** EXERCISE INPUTS **
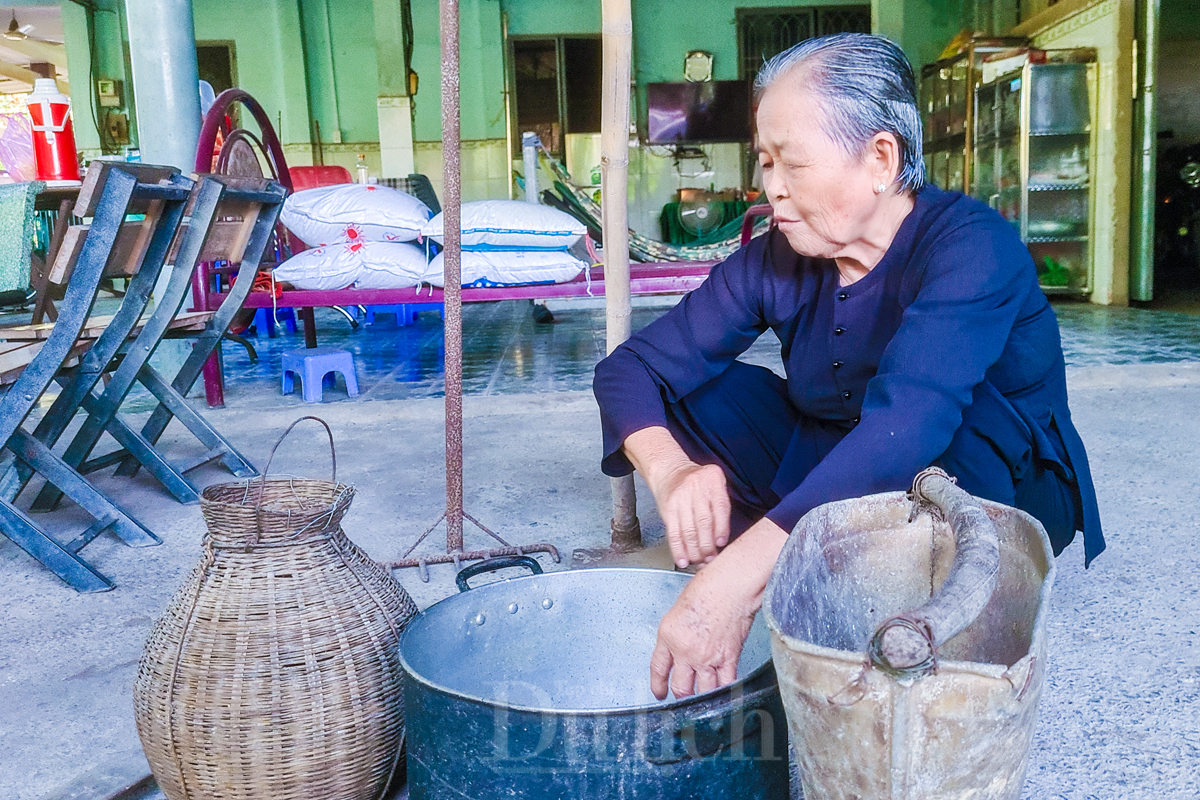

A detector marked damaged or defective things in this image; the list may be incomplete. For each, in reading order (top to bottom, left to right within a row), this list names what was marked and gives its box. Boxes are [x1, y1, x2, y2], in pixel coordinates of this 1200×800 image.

rusty metal stand [388, 0, 556, 582]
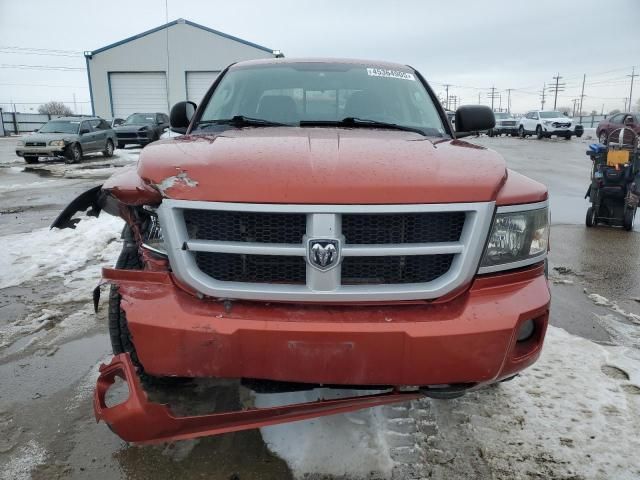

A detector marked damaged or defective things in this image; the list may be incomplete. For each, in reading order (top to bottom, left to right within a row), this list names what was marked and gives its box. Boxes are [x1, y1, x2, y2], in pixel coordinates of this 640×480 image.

damaged hood [138, 126, 508, 203]
broken headlight housing [141, 208, 168, 256]
broken headlight housing [478, 203, 548, 274]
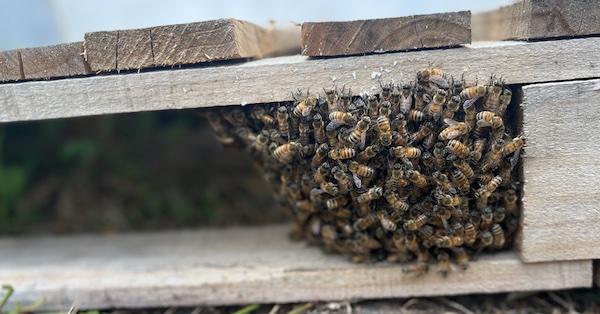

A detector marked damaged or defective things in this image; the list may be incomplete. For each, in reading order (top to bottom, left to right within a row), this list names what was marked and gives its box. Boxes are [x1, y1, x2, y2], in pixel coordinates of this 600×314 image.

splintered wood [84, 18, 300, 72]
splintered wood [302, 11, 472, 57]
splintered wood [474, 0, 600, 41]
splintered wood [516, 78, 600, 262]
splintered wood [0, 224, 592, 310]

** PROBLEM STATEMENT **
Find "this 600×314 image." in the records. Copy its line and every line after it, exactly, through the last one.

** EXERCISE ANSWER **
A detector marked damaged or defective things in this image; the list may be incomplete. For each, in reading order (top to bottom, left to right within a row), this list names what was marked and gives its box. Boxes are [x1, y1, x2, y2], in pixel coordinates of this 600×314 image.

splintered wood [84, 18, 300, 72]
splintered wood [302, 11, 472, 57]
splintered wood [474, 0, 600, 41]
splintered wood [516, 78, 600, 262]
splintered wood [0, 224, 592, 310]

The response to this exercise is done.